Image preprocessing is an essential step in preparing data for object detection tasks using YOLOv8 or any other object detection algorithm. It involves applying various techniques to enhance the quality of the input images and ensure consistent representation for improved detection accuracy.

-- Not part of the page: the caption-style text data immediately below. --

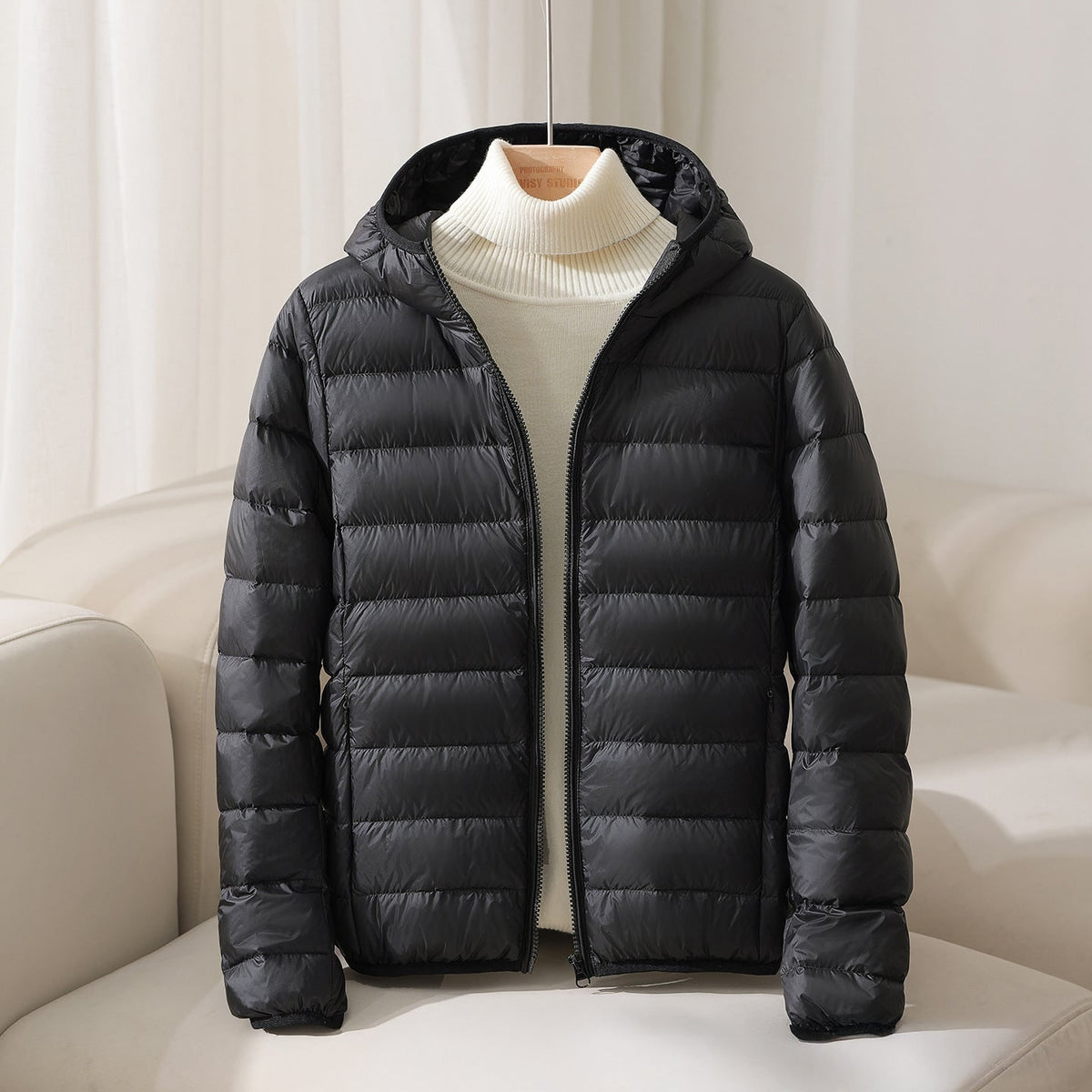 Women's Quilted Puffer Jacket with Hood and Zip Closure - Image 5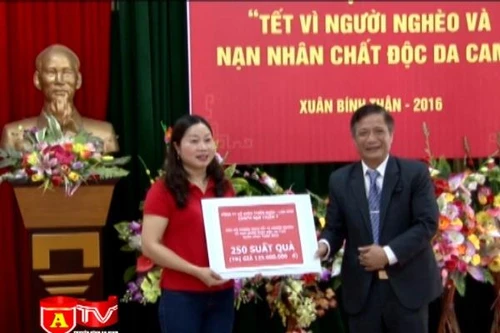 Báo An ninh Thủ đô và Trung tâm thẩm mỹ viện Hải Duyên trao quà từ thiện tại tỉnh Thanh Hóa
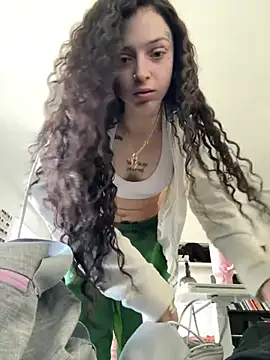 Snapshot of exoticmisfitt chatting on 02-14-26, 11:38 exoticmisfitt online show from 02-14-26, 11:38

Here's a comprehensive guide to image preprocessing for optimizing JPEG images for YOLOv8 object detection in Python:

In [None]:
# import required libraries
import os
import numpy as np
import cv2
import random

In [None]:
def load_images_from_folder(folder):
    images = []
    for filename in os.listdir(folder):
        img = cv2.imread(os.path.join(folder,filename))
        if img is not None:
            images.append(img)
    return images

In [None]:
path_to_images = "images"
images_to_process = load_images_from_folder(path_to_images)
print(f"Test dataset contains {len(images_to_process)} images.")

In [None]:
# step 1
resized_images = [cv2.resize(image, (608, 608)).astype(np.float32) for image in images_to_process]

# step 2
normalized_images = [cv2.normalize(resized_image, None, 0, 1, cv2.NORM_MINMAX) for resized_image in resized_images] 

# step 3
BGR_images = [cv2.cvtColor(normalized_image, cv2.COLOR_RGB2BGR) for normalized_image in normalized_images]

In [None]:
# save processed images in path to images
for i,BRG_image in enumerate(BGR_images):
    img_to_save = cv2.convertScaleAbs(BRG_image, alpha=(255.0))
    cv2.imwrite(f'{path_to_images}/processed_image_{i}.jpg',img_to_save)

In [None]:
# Show image in a separate window
# cv2.imshow('Preprocessed Image', BRG_image)
# cv2.waitKey(0)
# cv2.destroyAllWindows()

4. Data Augmentation:

Data augmentation involves applying random transformations to the images to artificially increase the dataset size and improve the model's generalization ability. Techniques like random cropping, flipping, and brightness adjustments can be used. OpenCV provides methods for these operations.

In [None]:
def random_crop_coordinates(image_shape):
  """
  This function generates a tuple of random coordinates for cropping an image.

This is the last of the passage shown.